Envista optimistic about continued recovery
Sales at Envista Holdings in the second quarter were $740.1 million, an increase of 104.4% year over year. The close of the period marked four consecutive quarters of growth for Envista’s premium implant business—which achieved 90% core sales growth in the three-month period ended 30 June.
Envista CEO Amir Aghdaei said during the company’s earnings call that Envista had seen solid demand for its infection prevention business, owing to the fact that enhanced disinfection protocols are now the new normal. Aghdaei said: “We’re excited about the opportunities for a new CaviWipes 2.0 product. It features a two-minute universal contact time, shows efficacy against a broad range of pathogens, including the COVID-19 virus, and increases our opportunity to penetrate the medical market further while enhancing our dental position.”
Howard Yu, senior vice president and chief financial officer at the company, said: “While patient volumes have improved to pre-pandemic levels in our major markets, we continue to see inconsistent roll-outs of vaccines and spikes in COVID-19 variant infections in several geographic areas, including Western Europe and parts of the United States. Overall, we are mindful of the pandemic-related risks but remain optimistic for a continued recovery throughout the balance of 2021.”
Aghdaei added: “While vaccination rates are increasing every day, we are mindful of the risk related to COVID-19 variance, continue to monitor reopening of economies and acknowledge that vaccination rollout worldwide [is] at different stages. However, we believe that patient demand will sustain at pre-pandemic levels, due to the industry’s enhanced sanitation measures.”
Envista owns more than 30 dental brands, including major names like KaVo Kerr, Nobel Biocare and Ormco.
Dentsply Sirona cautions over “ongoing impact”
Net sales at Dentsply Sirona for the second quarter were $1.067 billion, a 117.3% year-over-year increase. In the dental consumables segment, net sales of $445 million for the period represented a 138.0% increase. Sales of dental technology and equipment reached $622 million, a year-over-year gain of 104.6%.

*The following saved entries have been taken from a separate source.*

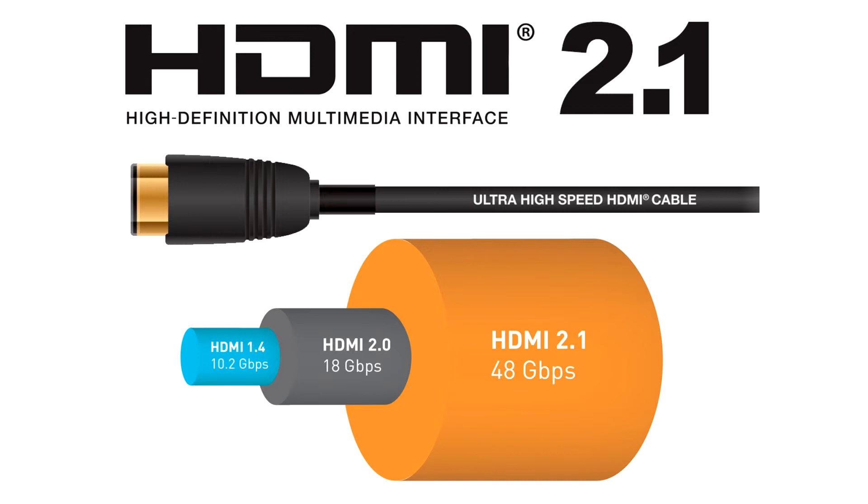This combination ensures that the active HDMI cable can safely draw sufficient current from the HDMI connector to power its internal circuitry. In the case of the ultra-high-speed HDMI cable,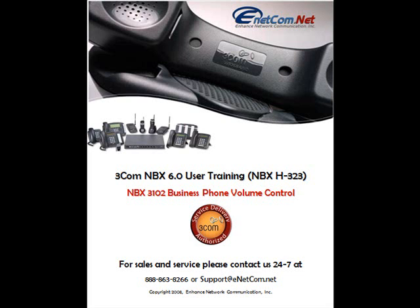Welcome to Enhanced Network Communication Online Tutorials. This tutorial will cover answering an incoming call, volume control, and the forwarding to voicemail feature.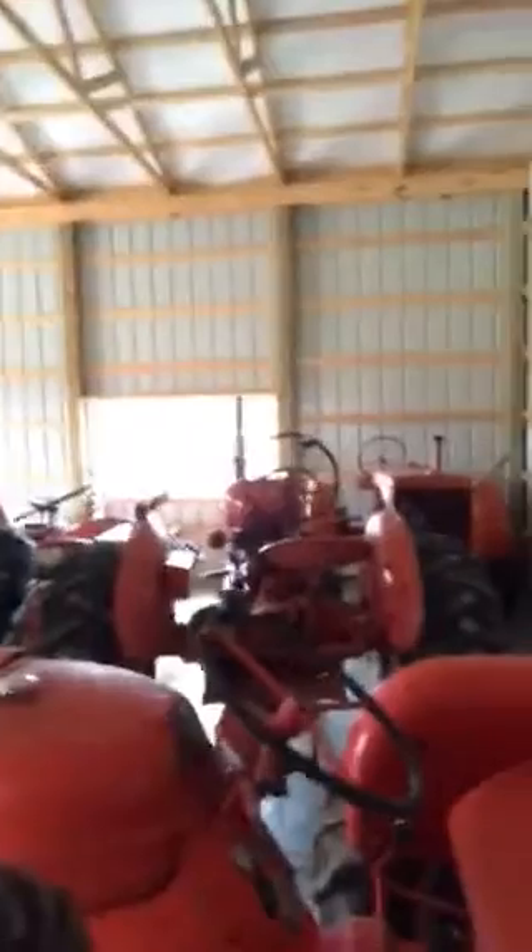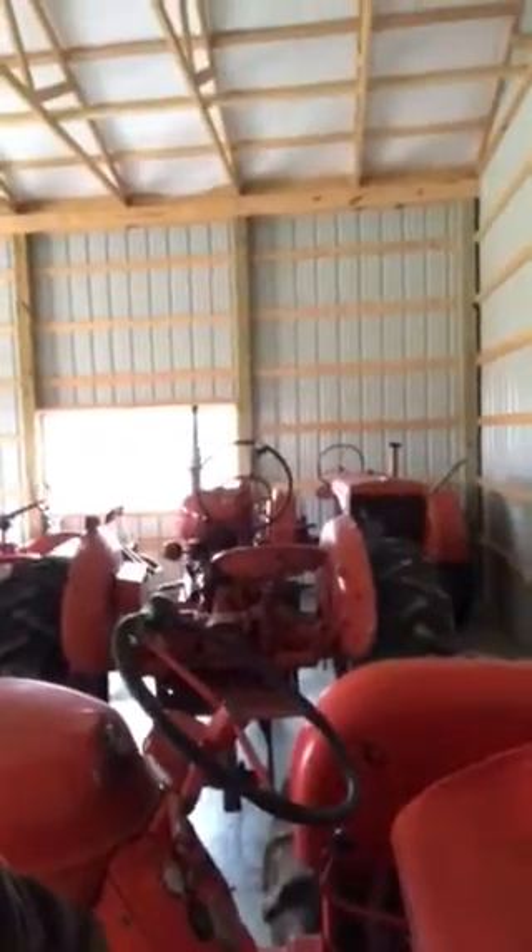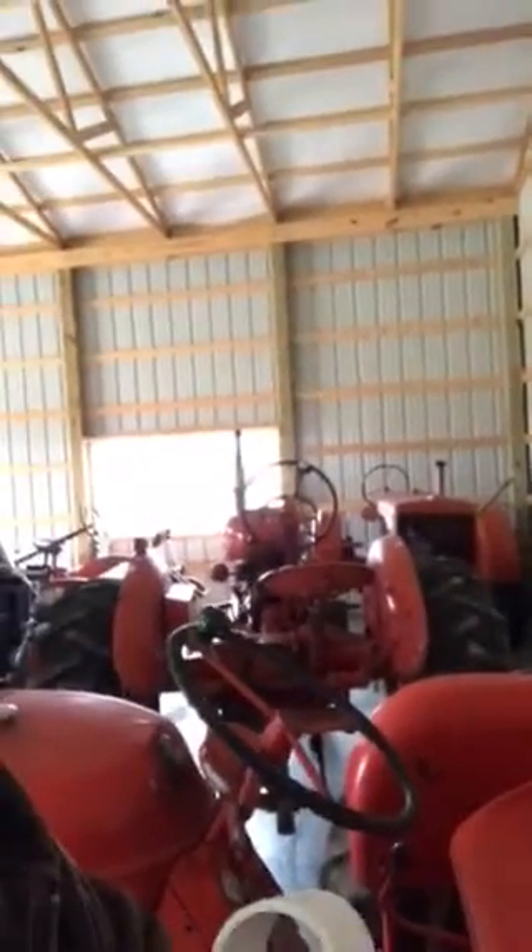Hey everybody, it's Alan at the Sugar Shack. As most people that know me can tell you, there's two things that I like. I like orange tractors, lots of orange tractors — Allis Chalmers. I restore them, have a good time with them, keeps me busy. But in the spring there's something else that keeps me busy and that's going to be tapping maple trees and making maple syrup.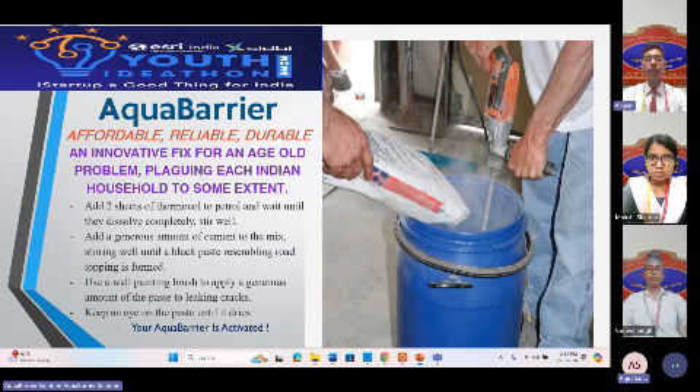To make Aqua Barrier, add thermocol sheets to petrol and wait until they dissolve. Stir well until the consistency of the solution becomes thick. Then add a generous amount of cement to the mix and stir well until a black paste resembling bitumen surfaces. Scoop out the black paste using a wall trowel. Your Aqua Barrier is ready to be deployed.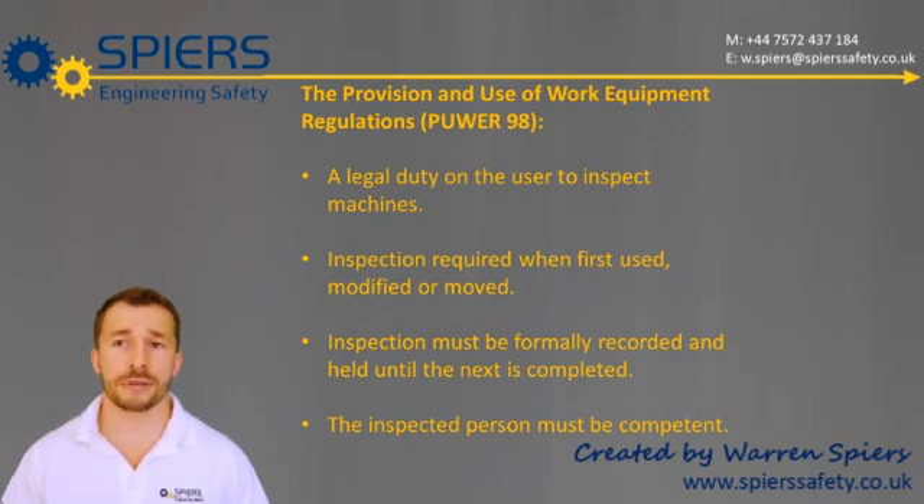So, when you bring a machine into use for the first time, or after moving it or modifying it, you should be completing a PUWER assessment.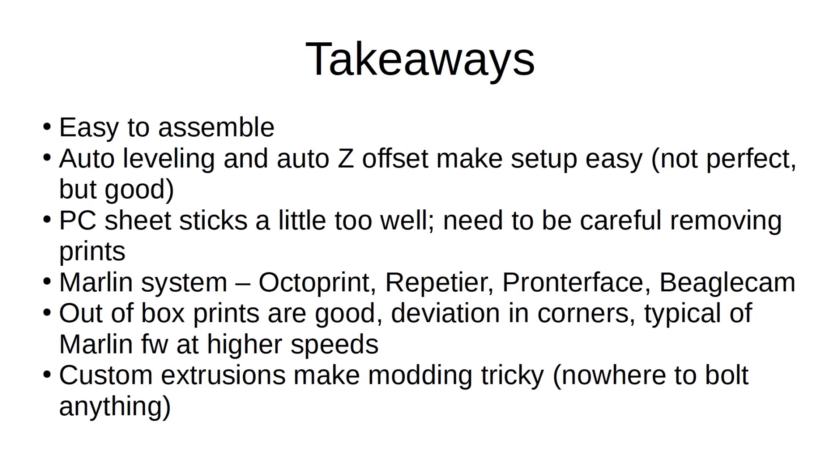Ultimately, for the price tag, it's a great entry-level printer that has more of a home appliance look than an industrial machine, so if you're out for a clean aesthetic, this is the machine for you. The custom extrusions and plastic base aren't conducive for modification parts, but I think they were going for more of a plug-and-play solution with this one, and I think they hit the mark pretty well. It's a great printer to start with and grow into.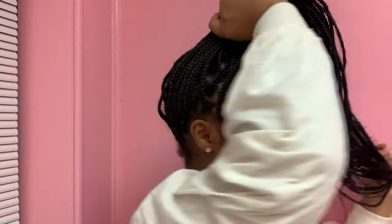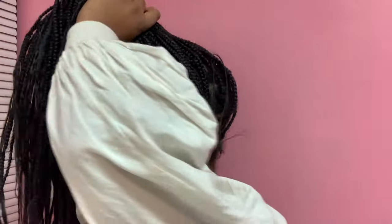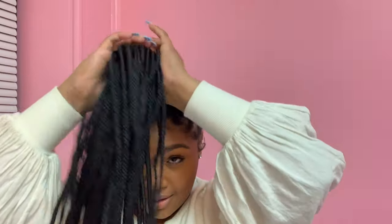I pull it up to my desired location of where I want the bun. Here is a quick view of how it looks — I make sure I pull those braids tight. Not tight enough to take your edges out, but tight enough.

US sales were $366 million, up 179.4% year over year, European sales of $431 million were up 99.5%, and sales in all other markets reached $270 million, an increase of 87.5%.
In a call with analysts, Jorge M. Gomez, executive vice president and chief financial officer at the company, commented: “Growth was strong across all regions and in all categories, most notably within the endo and [restorative] parts of our portfolio, which represent strategic priorities for our business.”
CEO Donald M. Casey said that the dental market continues to recover and to demonstrate its underlying resilience, but that dentistry is not yet out of the woods. “The pandemic remains a key consideration for us as we evaluate our performance for the quarter and plan for the remainder of the year,” he explained. “At this point, we feel the market is operating slightly below 2019 levels with a continued recovery expected for the remainder of the year. As we navigate through the newest phase of the pandemic, we are mindful that there [continues] to be some ongoing impact in certain regions and some stresses to the supply chain.”